### Required action
Please print the records below exactly as they are.

### Material to process
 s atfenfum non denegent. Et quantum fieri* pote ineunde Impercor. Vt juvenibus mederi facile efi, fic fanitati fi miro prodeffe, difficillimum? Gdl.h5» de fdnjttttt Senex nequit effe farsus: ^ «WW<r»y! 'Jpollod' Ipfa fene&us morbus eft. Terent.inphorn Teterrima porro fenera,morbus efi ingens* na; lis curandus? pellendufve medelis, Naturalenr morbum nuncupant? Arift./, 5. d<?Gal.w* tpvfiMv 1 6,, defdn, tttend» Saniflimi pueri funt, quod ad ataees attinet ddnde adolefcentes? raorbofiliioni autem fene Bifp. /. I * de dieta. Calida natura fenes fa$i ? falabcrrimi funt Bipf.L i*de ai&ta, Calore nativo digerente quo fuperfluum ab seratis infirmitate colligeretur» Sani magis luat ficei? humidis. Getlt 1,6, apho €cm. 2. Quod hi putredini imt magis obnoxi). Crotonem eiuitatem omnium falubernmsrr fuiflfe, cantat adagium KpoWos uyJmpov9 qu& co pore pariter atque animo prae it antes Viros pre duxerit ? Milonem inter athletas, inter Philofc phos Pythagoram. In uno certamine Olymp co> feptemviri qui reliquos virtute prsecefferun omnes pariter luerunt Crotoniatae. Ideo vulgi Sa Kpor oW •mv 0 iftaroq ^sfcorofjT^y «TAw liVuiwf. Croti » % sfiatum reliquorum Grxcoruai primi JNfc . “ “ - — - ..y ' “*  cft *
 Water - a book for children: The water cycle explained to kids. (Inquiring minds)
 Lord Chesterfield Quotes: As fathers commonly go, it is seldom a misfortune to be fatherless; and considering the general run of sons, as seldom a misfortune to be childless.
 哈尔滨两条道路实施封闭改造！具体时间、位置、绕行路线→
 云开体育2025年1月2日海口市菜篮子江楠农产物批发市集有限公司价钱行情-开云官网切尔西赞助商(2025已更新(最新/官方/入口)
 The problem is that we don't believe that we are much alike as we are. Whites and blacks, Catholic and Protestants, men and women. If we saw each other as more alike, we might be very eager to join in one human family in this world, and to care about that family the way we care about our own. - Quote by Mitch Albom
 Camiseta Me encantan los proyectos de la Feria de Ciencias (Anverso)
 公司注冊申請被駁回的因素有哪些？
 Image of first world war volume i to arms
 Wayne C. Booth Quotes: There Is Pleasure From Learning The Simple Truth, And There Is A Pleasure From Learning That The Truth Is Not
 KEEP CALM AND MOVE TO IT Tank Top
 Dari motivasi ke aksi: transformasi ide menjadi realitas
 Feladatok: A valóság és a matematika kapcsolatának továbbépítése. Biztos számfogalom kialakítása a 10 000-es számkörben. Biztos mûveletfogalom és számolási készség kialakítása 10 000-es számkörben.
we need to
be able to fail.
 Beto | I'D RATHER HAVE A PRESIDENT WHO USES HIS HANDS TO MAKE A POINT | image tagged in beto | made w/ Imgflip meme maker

### Output
 s atfenfum non denegent. Et quantum fieri* pote ineunde Impercor. Vt juvenibus mederi facile efi, fic fanitati fi miro prodeffe, difficillimum? Gdl.h5» de fdnjttttt Senex nequit effe farsus: ^ «WW<r»y! 'Jpollod' Ipfa fene&us morbus eft. Terent.inphorn Teterrima porro fenera,morbus efi ingens* na; lis curandus? pellendufve medelis, Naturalenr morbum nuncupant? Arift./, 5. d<?Gal.w* tpvfiMv 1 6,, defdn, tttend» Saniflimi pueri funt, quod ad ataees attinet ddnde adolefcentes? raorbofiliioni autem fene Bifp. /. I * de dieta. Calida natura fenes fa$i ? falabcrrimi funt Bipf.L i*de ai&ta, Calore nativo digerente quo fuperfluum ab seratis infirmitate colligeretur» Sani magis luat ficei? humidis. Getlt 1,6, apho €cm. 2. Quod hi putredini imt magis obnoxi). Crotonem eiuitatem omnium falubernmsrr fuiflfe, cantat adagium KpoWos uyJmpov9 qu& co pore pariter atque animo prae it antes Viros pre duxerit ? Milonem inter athletas, inter Philofc phos Pythagoram. In uno certamine Olymp co> feptemviri qui reliquos virtute prsecefferun omnes pariter luerunt Crotoniatae. Ideo vulgi Sa Kpor oW •mv 0 iftaroq ^sfcorofjT^y «TAw liVuiwf. Croti » % sfiatum reliquorum Grxcoruai primi JNfc . “ “ - — - ..y ' “*  cft *
 Water - a book for children: The water cycle explained to kids. (Inquiring minds)
 Lord Chesterfield Quotes: As fathers commonly go, it is seldom a misfortune to be fatherless; and considering the general run of sons, as seldom a misfortune to be childless.
 哈尔滨两条道路实施封闭改造！具体时间、位置、绕行路线→
 云开体育2025年1月2日海口市菜篮子江楠农产物批发市集有限公司价钱行情-开云官网切尔西赞助商(2025已更新(最新/官方/入口)
 The problem is that we don't believe that we are much alike as we are. Whites and blacks, Catholic and Protestants, men and women. If we saw each other as more alike, we might be very eager to join in one human family in this world, and to care about that family the way we care about our own. - Quote by Mitch Albom
 Camiseta Me encantan los proyectos de la Feria de Ciencias (Anverso)
 公司注冊申請被駁回的因素有哪些？
 Image of first world war volume i to arms
 Wayne C. Booth Quotes: There Is Pleasure From Learning The Simple Truth, And There Is A Pleasure From Learning That The Truth Is Not
 KEEP CALM AND MOVE TO IT Tank Top
 Dari motivasi ke aksi: transformasi ide menjadi realitas
 Feladatok: A valóság és a matematika kapcsolatának továbbépítése. Biztos számfogalom kialakítása a 10 000-es számkörben. Biztos mûveletfogalom és számolási készség kialakítása 10 000-es számkörben.
we need to
be able to fail.
 Beto | I'D RATHER HAVE A PRESIDENT WHO USES HIS HANDS TO MAKE A POINT | image tagged in beto | made w/ Imgflip meme maker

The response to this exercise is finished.